Amex and Safra avoided litigation.   In July 1989, Amex announced that it had entered into an agreement with Safra, whereby Amex agreed to donate $8 million to various charities designated by Safra in exchange for Safra's agreement to release Amex from any liability associated with his claims against it.   Thereafter, Amex's board of directors asked its Audit and Public Responsibility Committee (the “Audit Committee”) to review Safra's allegations, investigate the underlying facts, and report its findings to the board.

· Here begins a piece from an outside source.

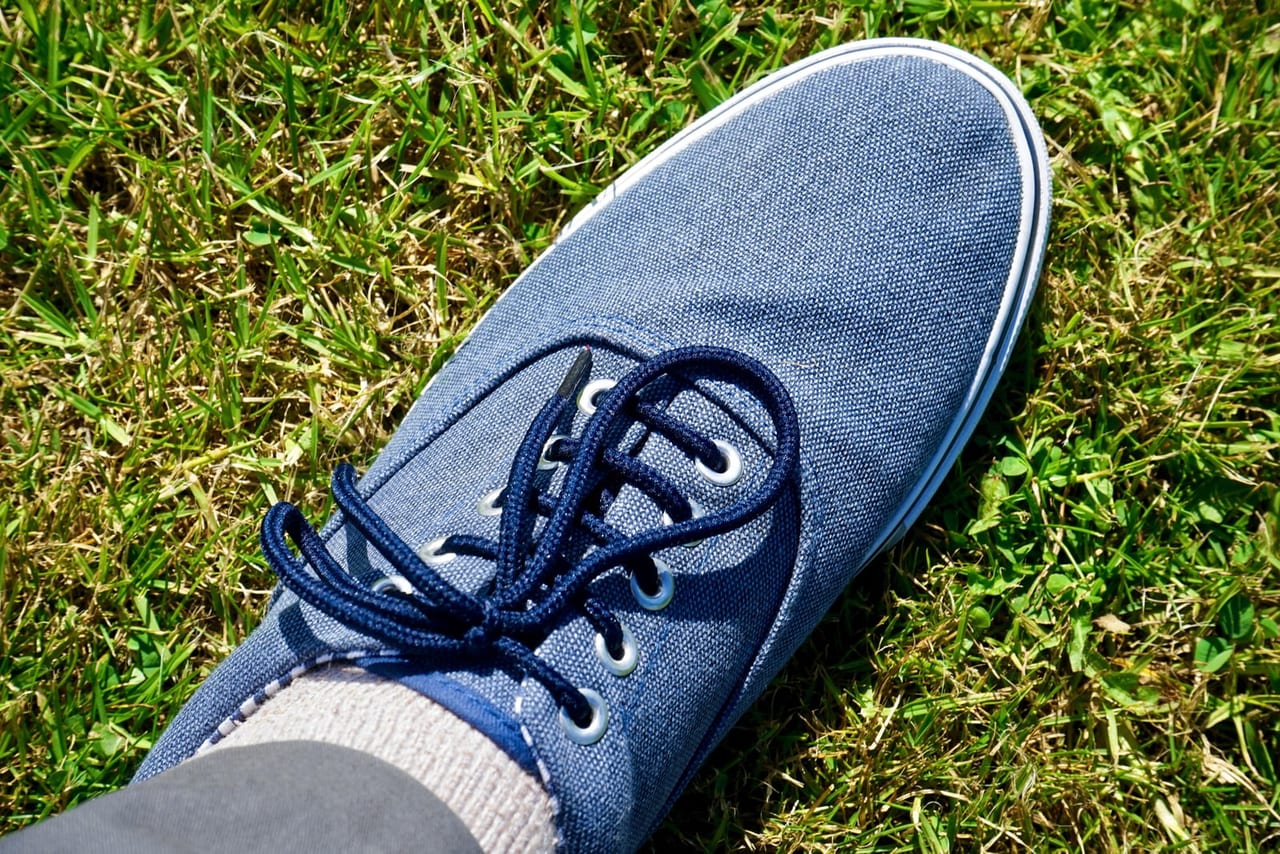 Blue canvas lace-up sneaker worn with a gray sock on a sunny patch of grass
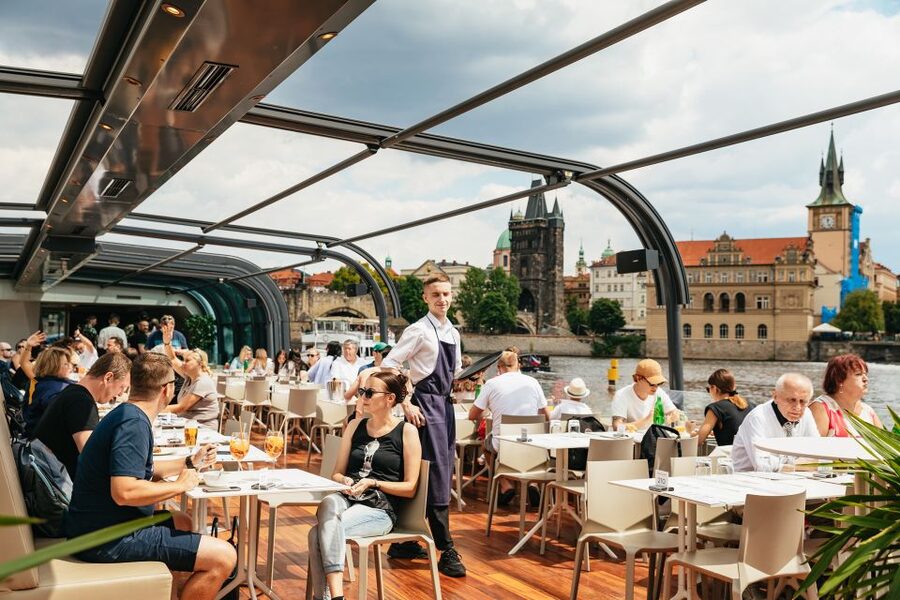 Prague: Vltava River Lunch Cruise in an Open-Top Glass Boat - The welcome aperitif and first views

The Audit Committee determined that Amex employees had not purposely disseminated inaccurate information;  instead, their actions caused a chain of events that resulted in the maligning of a competitor.   The committee concluded that it was not in the best interests of Amex or its shareholders to initiate litigation regarding the Safra matter.   Meanwhile, in August 1989, one of the named plaintiffs in the action at bar made a demand upon the board of directors to take legal action as a result of the Safra matter.   Amex's board advised plaintiff, however, that it agreed with and adopted the Audit Committee's report.

Although receiving less attention, this litigation also concerns the allegation that Amex failed to monitor adequately its substantial investment in Shearson, Lehman, Hutton, Inc. (“Shearson”), an acquisition that eventually resulted in huge financial losses.

Seinfeld Complaint

In October 1990, plaintiffs Harold Sachs and Frank David Seinfeld commenced actions in the Supreme Court, New York County, derivatively on Amex's behalf, against the then current members of Amex's board of directors and Freeman, a high ranking Amex officer who figured prominently in the Safra matter.   The two related actions, Ferber v. Robinson, and Lewis v. Robinson, were consolidated into the Seinfeld Action and the Seinfeld complaint was designated as the consolidated complaint in the consolidated action.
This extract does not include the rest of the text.